EU/3/02/123 - orphan designation for treatment of steroid resistant graft versus host disease (GvHD)

The bone marrow is the spongy tissue inside the large bones in the body. The bone marrow makes red blood cells (which carry oxygen and other materials to all tissues of the body), white blood cells (which fight infection), and platelets (which make the blood clot). Bone marrow transplantation (replacing with healthy marrow) is a treatment used against certain diseases of the bone marrow. A frequent complication of bone marrow transplantation is the development of a disease called graft versus host disease (GvHD). This disease involves a reaction between the donor cells and the recipient's native tissues leading to injury of the recipient's tissues. GvHD occurs in acute and chronic form. The organs most commonly affected in acute GvHD are the stomach and the intestines, the skin, and the liver. Chronic GvHD involves a much wider range of tissues than the acute form. The condition is chronically debilitating and life-threatening.

The methods of treatment authorised for GvHD in the Community, at the time of submission of the application for orphan designation, consisted of certain steroid hormones (corticosteroids) administered at high doses. Other therapies include drugs that inhibit the immune response (immunosuppressants). Anti-CD147 murine monoclonal IgM might be of potential significant benefit for the treatment of GvHD, particularly in terms of a selective action against those cells that are responsible for the disease.

According to the information provided by the sponsor, graft versus host disease was considered to affect about 8,000 persons in the European Union.

*Disclaimer: The number of patients affected by the condition is estimated and assessed for the purpose of the designation, for a European Community population of 377,000,000 (Eurostat 2001) and may differ from the true number of patients affected by the condition. This estimate is based on available information and calculations presented by the sponsor at the time of the application.

Anti-CD147 murine monoclonal IgM is an antibody. Antibodies are proteins which specifically recognise and attach themselves to certain foreign substances, such as proteins found on the surface of cancer cells or bacteria.

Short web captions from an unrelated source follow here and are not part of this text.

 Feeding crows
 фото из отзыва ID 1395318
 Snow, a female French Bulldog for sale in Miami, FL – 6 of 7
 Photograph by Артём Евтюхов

In the case of this antibody, the target is a protein (CD-147) that is found on those cells of the immune system that are activated, thereby causing the graft versus host disease. The antibody is expected to bind to these cells and to induce their destruction. Cells, which are not involved in the immune reaction and, therefore, not activated at this time, would be preserved.

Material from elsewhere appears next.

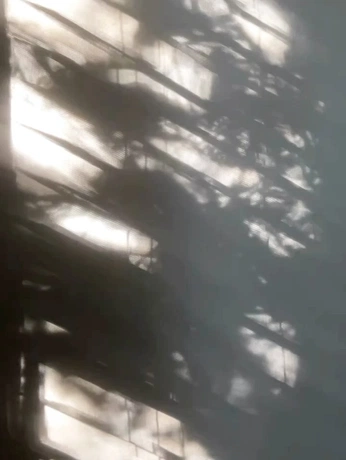 A cover of "SAINTE VIE" cluster. The owner is memoshot. The cluster consists of 18 elements.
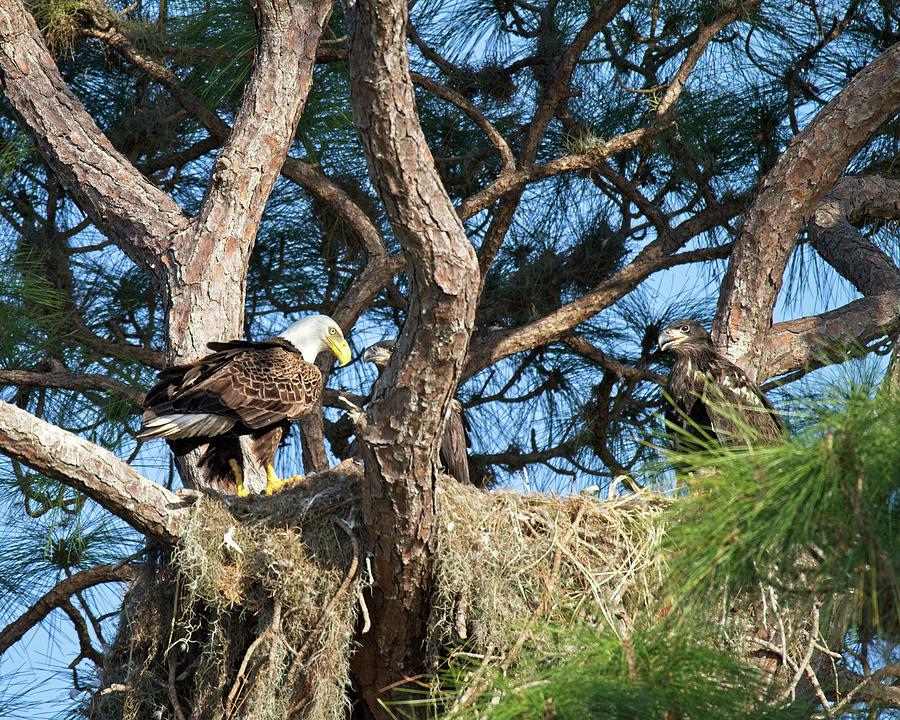 Eagles Nest  Photograph by Ronald Lutz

At the time of submission of the application for orphan designation, clinical trials in patients with GvHD were ongoing.

Anti-CD147 murine monoclonal IgM had not been marketed anywhere worldwide for GvHD, at the time of submission. Orphan designation of anti-CD147 murine monoclonal IgM had been granted by the United States Food and Drug Administration (FDA) for the treatment of acute GvHD.

According to Regulation (EC) No 141/2000 of 16 December 1999, the Committee for Orphan Medicinal Products (COMP) adopted on 09 October 2002 a positive opinion recommending the grant of the above-mentioned designation.

• the seriousness of the condition;
• the existence or not of alternative methods of diagnosis, prevention or treatment;
• either the rarity of the condition (considered to affect not more than five in ten thousand persons in the Community) or the insufficient return of development investments.

Designated orphan medicinal products are still investigational products, which have been considered for designation on the basis of potential activity. An orphan designation is not a marketing authorisation. As a consequence, demonstration of the quality, safety and efficacy will be necessary before this product can be granted a marketing authorisation.